Allowed to grow old: portraits of elderly animals from farm sanctuaries

Blue, an Australian Kelpie rescue dog. Copyright: Isa Leshko
Blue, an Australian Kelpie rescue dog. Copyright: Isa Leshko

For nearly a decade, writer Isa Leshko visited farm animal sanctuaries across the United States to make photographic portraits of old rescued animals. These pictures are featured in her book Allowed to grow old.

In those 10 years of visiting sanctuaries and portraying the stories of rescued animals, she discovered how much suffering these animals endure.

Nearly all of the animals she met for this project went through horrific abuse and neglect prior to their rescue. Leshko: “Yet it is a massive understatement to say that they are the lucky ones. Roughly fifty billion land animals are factory farmed globally each year. It is nothing short of a miracle to be in the presence of a farm animal who has managed to reach old age. Most of their kin die before they are six months old.”

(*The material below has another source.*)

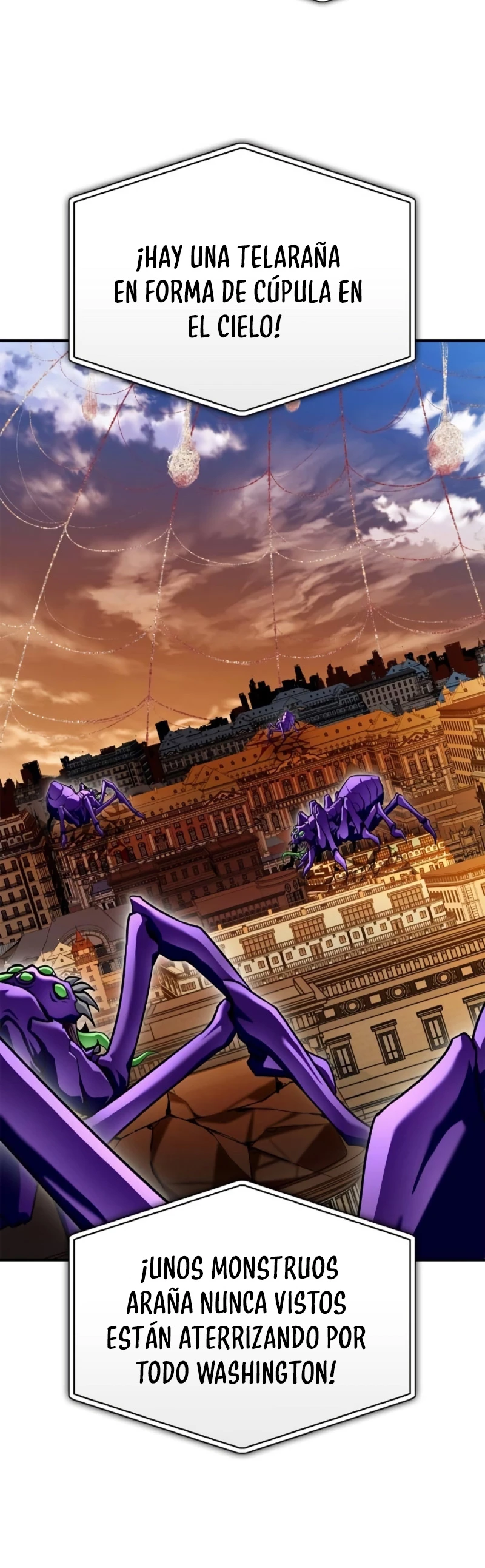 Campo de Batalla Super Humano Capítulo 109 - Página 35 en español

Book cover. Copyright: Isa Leshko

By showing the beauty and dignity of elderly farm animals she wants to invite viewers to think about what we lose by not allowing these animals to grow old.

Isa wasn’t vegan when she started the project, but became vegan during the proces: “When I began this project, I had been a vegetarian through most of my adult life, with a few occasional lapses in my early 20s. I became a vegan after I met Valentino, a Holstein cow who had been rescued from the dairy industry.”

Isa Leshko

The difference between the rescued animals and farm animals is huge. Isa: “Rescued farm animals that live at well-run sanctuaries are treated as individuals with unique likes, dislikes and needs. Farm animals on commercial farms are treated as commodities first and foremost. Decisions relating to their care, as well as when they will be killed, are driven by financial reasons.”

Wild vs bred turkeys
Isa: “Nearly all commercially raised farmed animals have been bred to become as obese as quickly as possible, including those who are reared on ‘humane’ farms. For example, most commercially bred turkeys cannot walk properly let alone roost because their breasts are so large. Even if they are kept in a yard with trees, they are unable to fly up onto tree branches. At sanctuaries I have visited, wild turkeys mingle with rescued turkeys. The difference between a wild turkey and a Broad Breasted White turkey is astounding.”

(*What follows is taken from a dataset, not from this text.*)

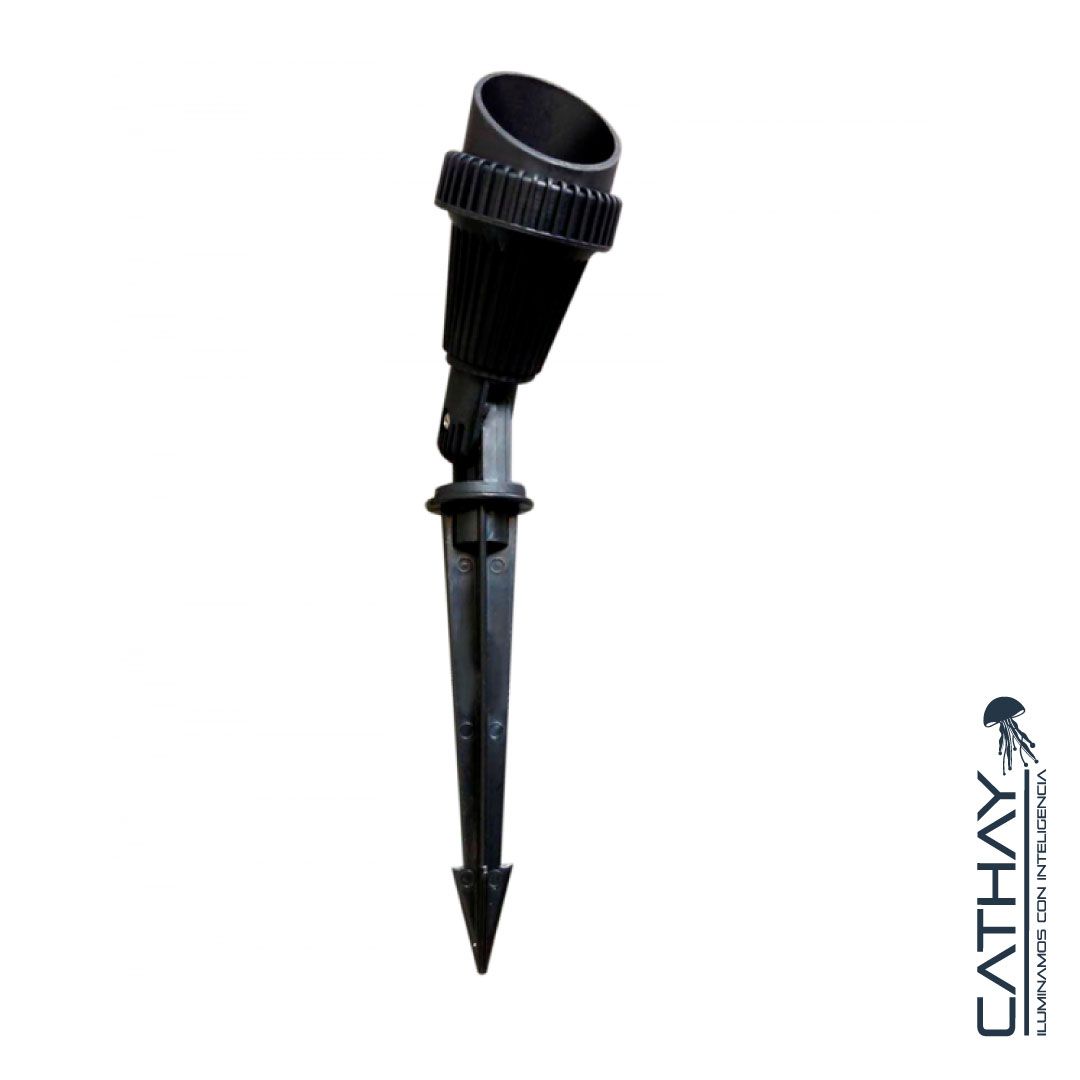 ESTACA DE JARDIN CON BOMBILLO GU10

Through her experiences in the past 10 years Leshko has become a passionate advocate for animals: “The sad reality is that the vast majority of farmed animals reside in factory farms where they live in horrific conditions that deny them the ability to move freely, much less engage in any natural behaviors.”

Isa Leshko is an artist and writer whose work examines themes relating to animal rights, aging, and mortality. She lives in Massachusetts with her husband and their cats Alfred and Higgins.